By Michael Barone
Saturday, December 15, 2007
It's been a while since taxes were a potent political issue. It was almost 20 years ago that George H.W. Bush invited voters to "read my lips" and a baker's dozen years since Republicans captured Congress by decrying the Clinton tax increases. George W. Bush did promise to cut taxes, but it didn't help him much in 2000, and the ensuing economic recovery didn't help him much in 2004.
But taxes could be an issue in 2008, as the federal tax structure is poised to change in the next few years.
First, the Bush tax cuts are scheduled to expire in 2010, and the Democrats, who seem almost sure to hold or expand their majorities in the next Congress, seem determined not to extend some or all of them. So taxes at least on high earners are likely to rise. And secondly, the alternative minimum tax, passed in 1969 to prevent a handful of millionaires from avoiding income tax altogether, is now slated to hit more than 20 percent of taxpayers. And that percentage is due to rise every year because the AMT is not indexed for inflation.
The paradox is that the same Democrats who want to increase top-bracket income and capital-gains tax rates are desperately eager to spare relatively high earners from the AMT -- so desperate that Senate Democrats agreed to waive the "paygo" rule they reinstated when they took control.
Paygo requires that a tax cut be offset by a tax increase or a spending cut of corresponding dollar amounts. But when the Senate early this month passed its $50 billion AMT "patch" exempting 230 million taxpayers from the AMT for one year, it waived the paygo rule.
House Democrats are simmering, but they will probably have to go along. There's a process argument for waiving paygo, which is that future AMT revenues are fictitious because no Congress will allow the tax to go into effect. But it's nonetheless embarrassing for Democrats to renounce a rule they adopted as a guarantee of their fiscal responsibility.

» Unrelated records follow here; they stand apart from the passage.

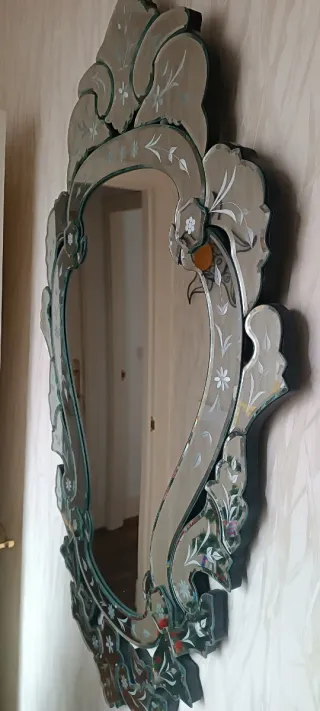 Espejo estilo veneciano tallado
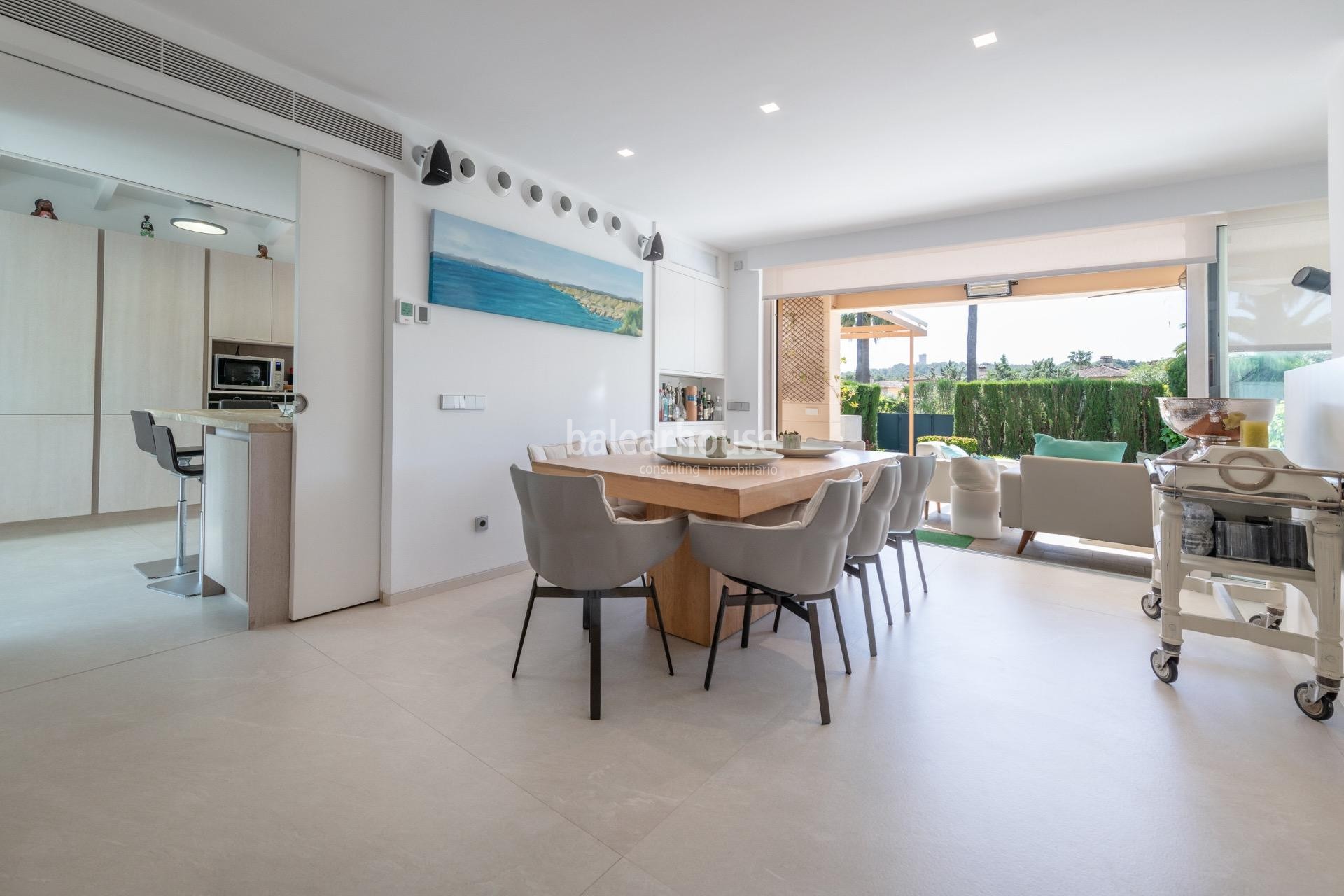 Modern Mediterranean design with light-filled spaces and a spacious garden in Palma’s green heart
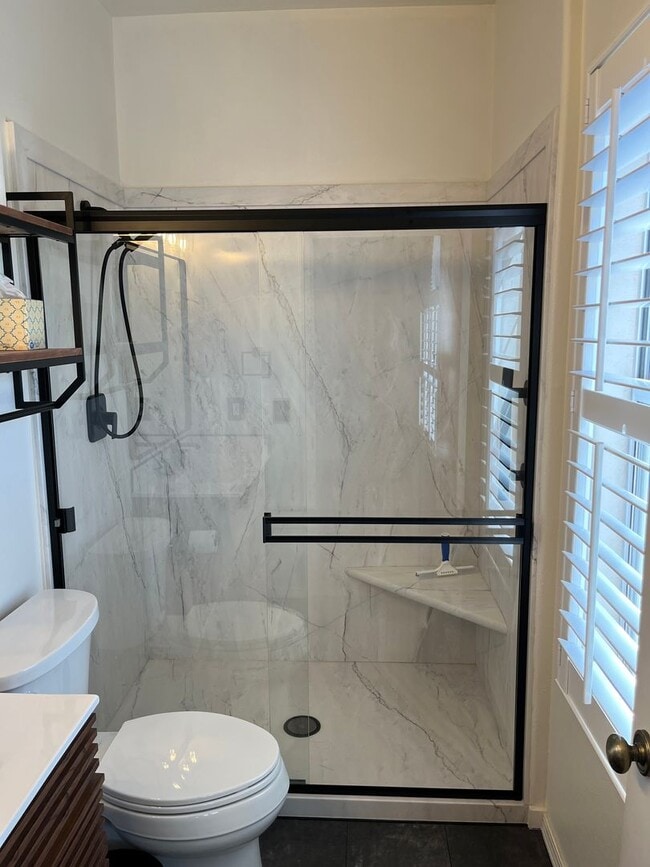 Building Photo - Spacious 3 Bedroom, 2-bathroom Beautiful H...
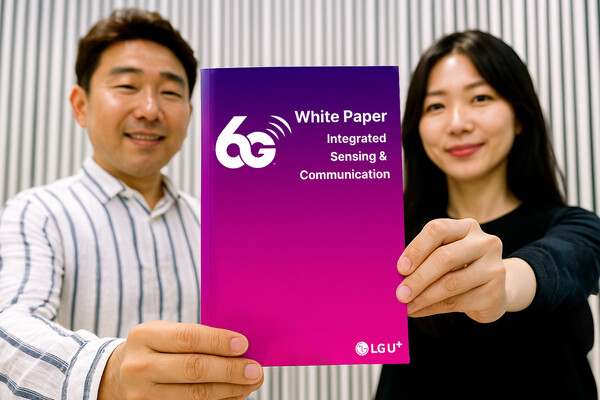 LG유플러스가 6G 시대의 핵심 기술로 주목받는 통신·센싱 융합 기술(ISAC)을 주제로 '2025년 6G 백서'를 발간했다. LG유플러스 제공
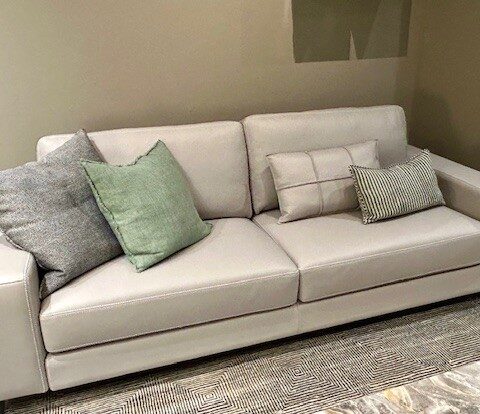 GAMMA BOND SOFA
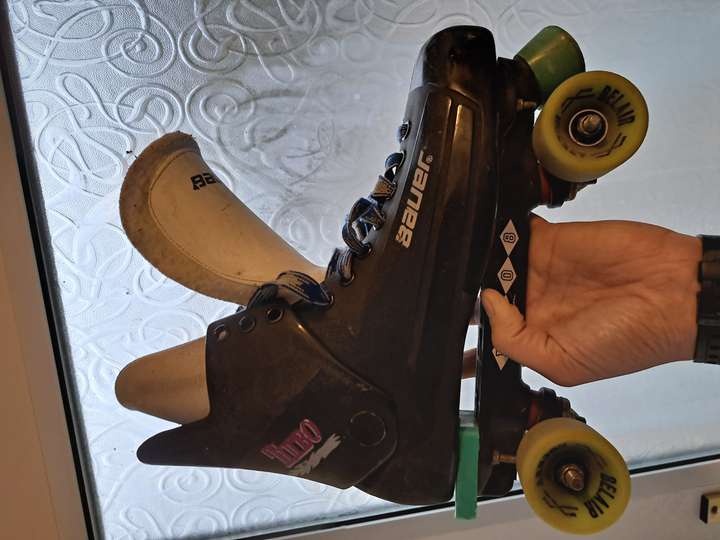 1990 Bauer Turbo with Pro8 Trucks and Belair Hockey wheels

The reason Democrats risked this embarrassment is that the AMT tends to fall on voters in places with high state and local government spending and taxes -- Democratic places like Massachusetts, Connecticut, New York, New Jersey, Maryland and California.
Taxpayers hit by the AMT can't deduct state and local taxes from their federal income tax bill. Sooner or later, that puts downward political pressure on state and local spending. And that, in turn, threatens the vested interest of a key Democratic constituency, the public employee unions. Democratic voters in suburban New Jersey, for example, who feel far from rich, face a substantial tax increase if they're suddenly covered by the AMT. They may take their revenge on Democratic candidates and on New Jersey public employee union members.

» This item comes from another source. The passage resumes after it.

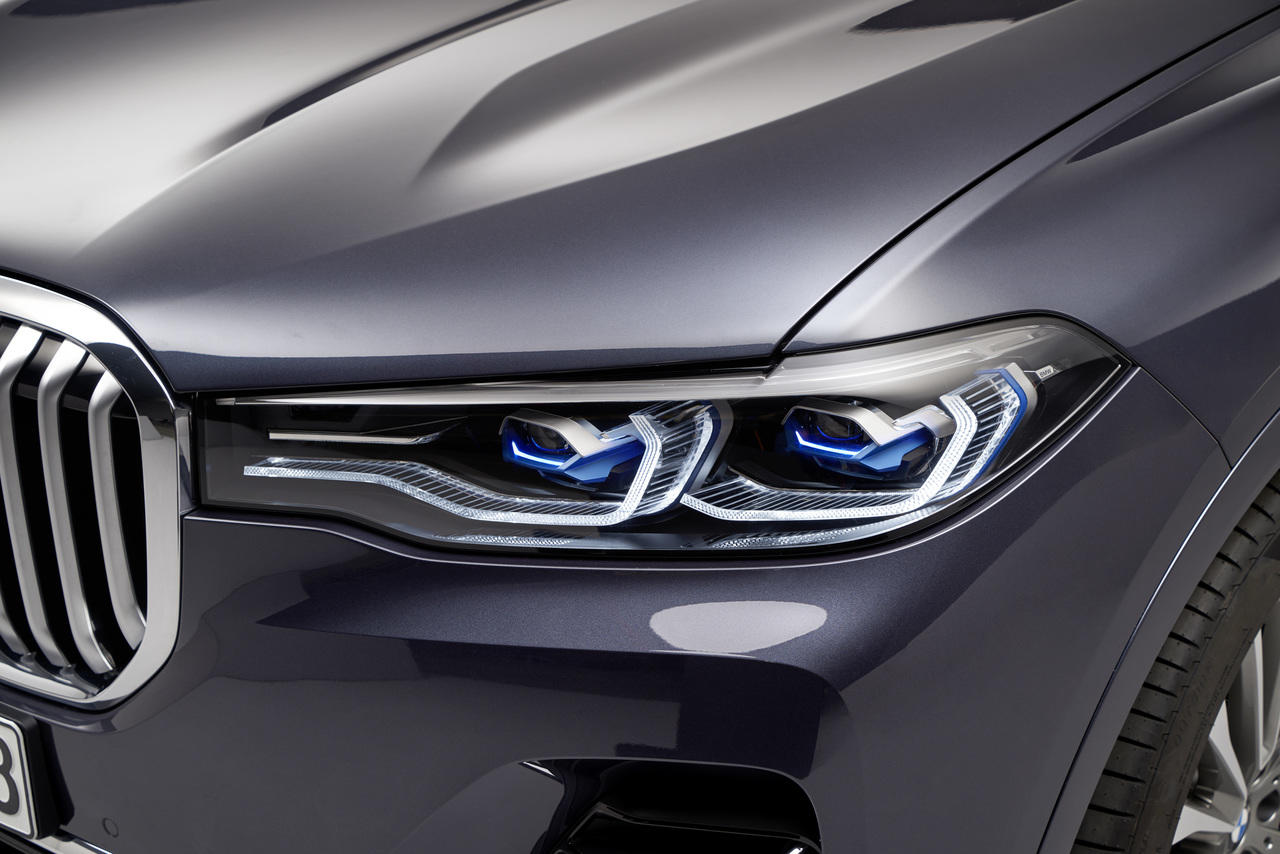 Новый внедорожник BMW X7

The Democrats' need to get rid of the AMT suggests the possibility of broader tax reform. House Ways and Means Chairman Charles Rangel has put forth such a proposal, with a cut in the corporate tax rate and huge tax increases on very high earners. But it's a nonstarter as long as George W. Bush is in office.
Another approach with more bipartisan appeal would be to combine AMT repeal and extension of the Bush tax cuts with a mass repeal of tax exemptions, along the lines of the 1986 bipartisan tax law.
Meanwhile, in this election cycle, the AMT remains largely invisible to the voters who are threatened by it, and it will remain so unless Congress somehow fails to patch it this year. The more visible issue is whether or to what extent taxes will go up in 2010.
Democrats, conscious of the popularity of some recent governors who have raised taxes (like Mark Warner of Virginia), seem on the surface unfazed by the political risks of tax increases and are preparing to argue that they'll raise taxes only on the rich. But this may be awkward at a time when the budget deficit is rapidly declining and when we face the nontrivial possibility of a recession.
A tax increase in a recession is usually not a good idea. And Republicans will say that when Democrats promise to tax the rich, they end up raising taxes on the ordinary person, as Bill Clinton and the Democratic Congress did in 1993. The Democrats' desperation to patch the AMT and their willingness to break their own paygo rule suggest that they fear the wrath of those New Jersey suburbanites more than they let on.